Si tratta però in generale di numeri ancora molto piccoli rispetto agli asset in gestione dei fondi in questione. Gli investimenti diretti e indiretti dei fondi pensione negoziali, infatti, a fine giugno ammontavano a 47,3 miliardi di euro. Di questo totale, il 45,9% era investito in titoli di Stato, il 20,4% in azioni e altri titoli di capitale, il 17,6% in obbligazioni, l’8% in fondi comuni e Etf, il 7,2% in depositi bancari e il restante 0,9% in altre attività.
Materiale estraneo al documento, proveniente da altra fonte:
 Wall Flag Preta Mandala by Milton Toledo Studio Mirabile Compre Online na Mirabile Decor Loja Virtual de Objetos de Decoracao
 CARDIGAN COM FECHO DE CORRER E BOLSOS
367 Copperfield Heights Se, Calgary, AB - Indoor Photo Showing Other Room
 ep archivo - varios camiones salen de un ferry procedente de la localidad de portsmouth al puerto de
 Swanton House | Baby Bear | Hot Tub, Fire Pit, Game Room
Rispetto a fine 2016 si era ridotta notevolmente la quota di titoli di Stato (dal 55,1%) a favore di una maggiore presenza in portafoglio di obbligazioni, azioni e altri titoli di capitale, fondi e depositi bancari.
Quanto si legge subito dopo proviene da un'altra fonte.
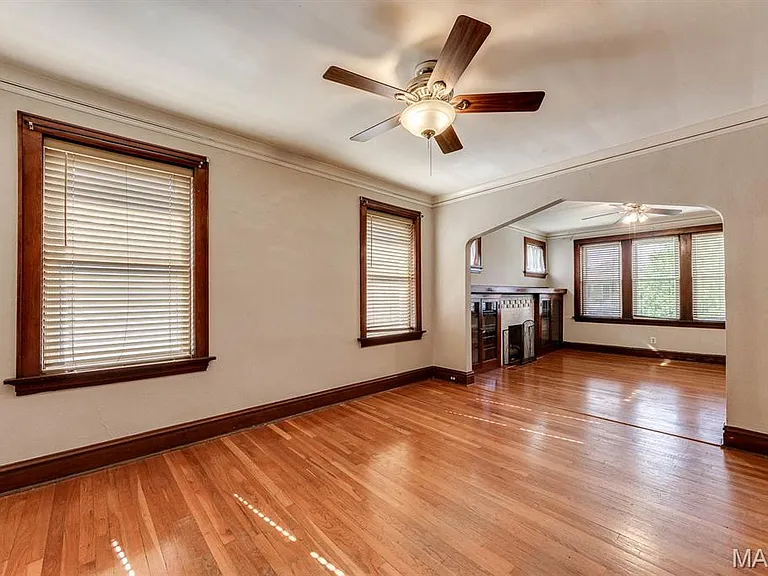 5058 Winona Ave — Photo 12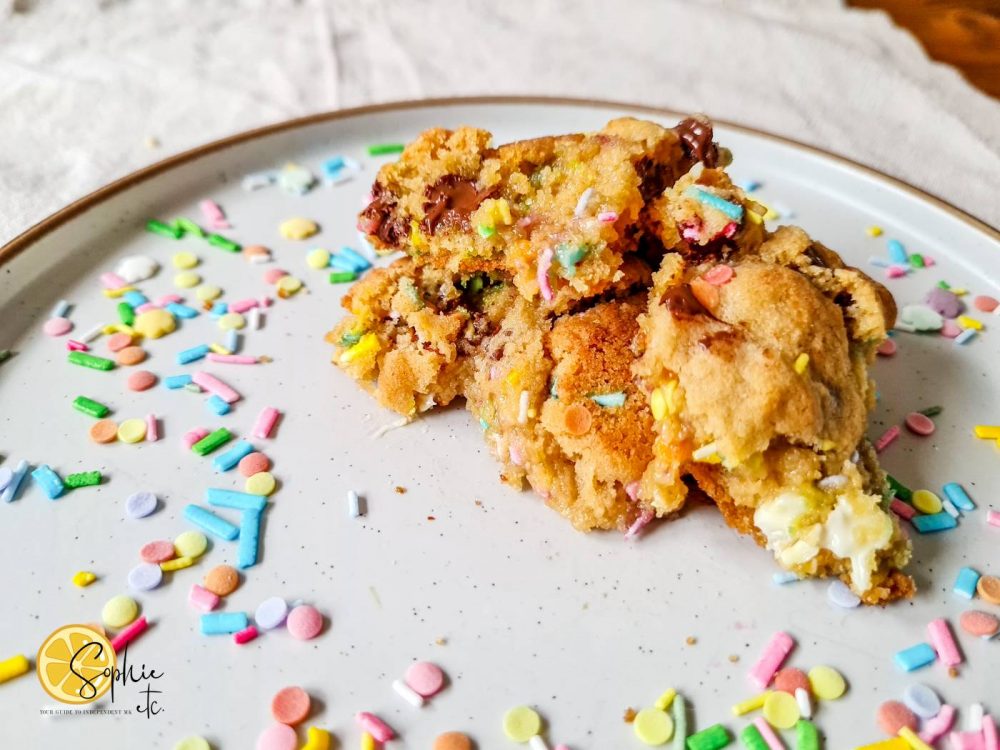 Freshly cooked NYC style cookies.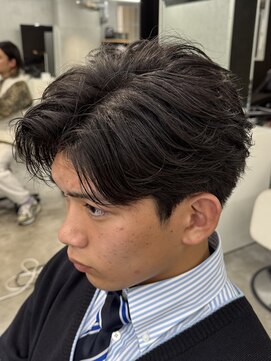 エデアンルクラ 下通(EDEAN Leclat) 熊本メンズパーマ フェザー ニュアンス センターパート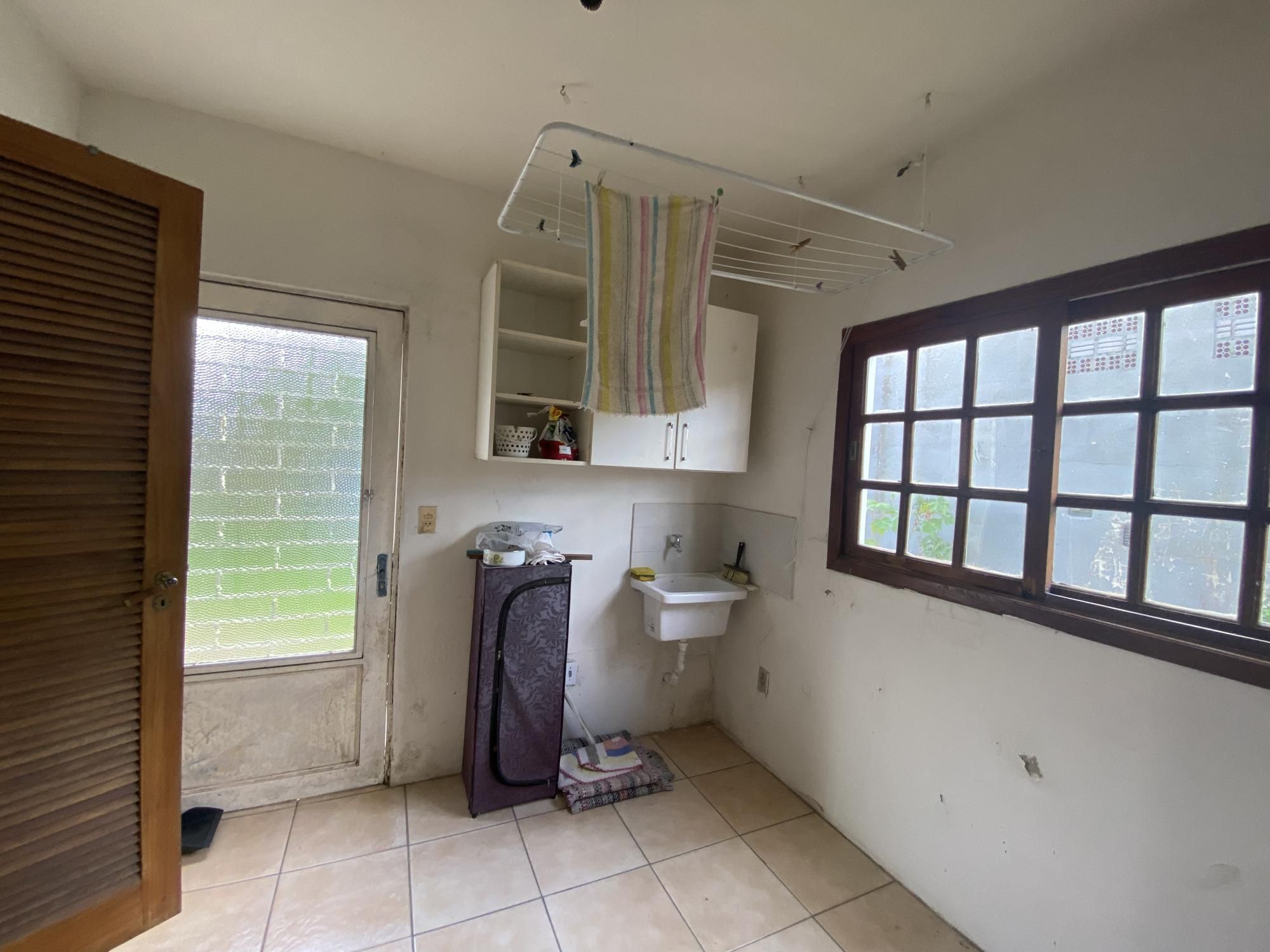 Casa à venda com 4 quartos, 216m² - Foto 12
Tuttavia, se si restringe il punto di osservazione all’Italia, soltanto il 32,3% degli investimenti dei fondi pensione negoziali era allocato nel nostro Paese e di questa quota la stragrande maggioranza era rappresentata da titoli di Stato (83,5%), seguiti da depositi bancari (9,3%), obbligazioni (3,8%), azioni (3,3%), quote di fondi e Etf (0,1%) e dai depositi bancari (9,3%). Questo significa che il 7,1%, ossia poco meno di 1 miliardo di euro, risultava investito dai fondi pensione negoziali in aziende italiane tramite l’acquisto di titoli di capitale o titoli di debito.
Maggi ha poi sottolineato che “i fondi negoziali sono ormai investitori istituzionali maturi, capaci di essere doppiamente utili all’economia del Paese: da una parte come collettori del risparmio previdenziale, dall’altra come finanziatori dell’economia produttiva. Tenendo in considerazione gli incentivi fiscali introdotti dalla recente normativa, l’Associazione si propone di trovare una sintesi di sistema che crei le condizioni per consentire ai fondi pensione di destinare, liberamente e volontariamente, almeno una parte del risparmio previdenziale al finanziamento dell’economia reale e allo sviluppo infrastrutturale. Ciò in cambio di buoni rendimenti e adeguate condizioni di controllo del rischio per gli aderenti”.